Beyond finding beauty and creativity throughout their experience, members report feeling mental health benefits. In just 2 minutes, members perceive feelings of calm, awe, joy, and curiosity just by slowing down. They say the experience was inspiring and thought-provoking, and that it provided relaxation, calm, and stress relief.
In a world where Americans spend an average of over 5 hours on their phones, we’ve found that the biggest changes to mindset and mood can happen in just a few short minutes.
This matters because it validates our product litmus test. Art is not just “nice to have.” For many people, it produces felt benefits—benefits that make the rest of behavior change easier.
One of the most unexpected outcomes was what Mindful Art Break did outside the app. A majority (63%) of Mindful Art Break members say they would like to explore their interest in art in local museums.

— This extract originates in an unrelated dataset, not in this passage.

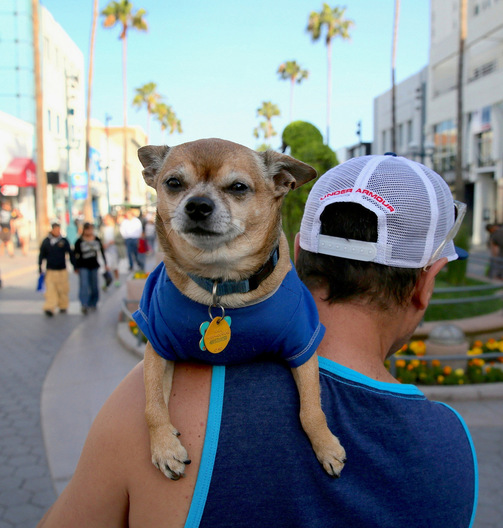 Santa Monica, California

Perhaps it’s the fact we credit the source museum of every piece. Visiting a local museum ranks ahead of sharing favorite pieces and joining a community forum.
In other words: a two-minute habit inside a digital product can nudge someone toward a richer offline life. That’s exactly the kind of “vitality today” that the longevity mindset is meant to unlock.
Art for art’s sake—and why measuring it can still be meaningful
Let’s be clear: art should exist for art’s sake – whether it induces flourishing benefits or not. Humans express themselves through art, and they’ve been doing so for tens of thousands of years.
Semir Zeki is the founder of the field of neuroaesthetics. In his book Inner Vision, Zeki argues for rooting theories of aesthetics in the brain.
“Every technological development has also brought forth new art…the work of an artist may be expanded through insights from research.”
Semir Zeki

The field of Positive Psychology itself can be considered a technological development – one worthy of bringing forth new art.
We wondered: If different types of art affect different brain regions, as Zeki showed through fMRI studies, could different types of art induce different, measurable flourishing effects?
If an artist wished to maximize the aggregate flourishing impact of their art, what would they do? More simply: could artists who were trying to induce an emotion like awe do so reliably? Would it correlate with stress relief?
These questions became a second arc of the Mindful Art Break story: not just “can art help users,” but “can we learn something about awe itself—and about how art creates awe?”
Why awe?
We focused on awe because awe is one of the most reliable “state shifters” we’ve seen—often linked in research to reduced stress and a widened perspective.
Awe has been shown in studies to quiet the DMN and benefit health. Awe is associated with elevated vagal tone and reduced fight-or-flight response. It increases oxytocin and reduces inflammation.
As awe researcher Dacher Keltner puts it: art can deliver everyday awe.
That line encapsulates the spirit of Mindful Art Break: not “awe once in a lifetime,” but awe as a small, repeatable state shift you can access on a random Tuesday.
A “Call for Awe”: testing student art against museum masterpieces
Madeline Cook is a Noom intern and a student at Tufts, pursuing a dual degree, including a Bachelor of Fine Arts and a Bachelor of Science.
She posted a “Call for Awe” in a Tufts School of the Museum of Fine Arts email newsletter. Madeline advised on a primer to help give some guidance on how one might produce awe. The students had very short notice – they turned around their artwork in one week, right before exams.
Then we scored all the pieces we received on various emotion dimensions – awe, beauty, stress reduction (N=150) on a 7-point Likert scale.
These works were displayed in the Princeton Art Museum at Noom’s recent Art of Wellbeing Annual Summit. We wanted to compare the awe impact of student artwork and museum art. We used our AI tool to find awe-inducing art – including works by Bierstadt, Butler, and Achenbach – and we paired them off against the student works.
So how did the students do?
Exceedingly well. Student art produced an awe lift of 0.62 vs 0.73 for museum pieces (pre–post), and both sets significantly reduced stress in our measures.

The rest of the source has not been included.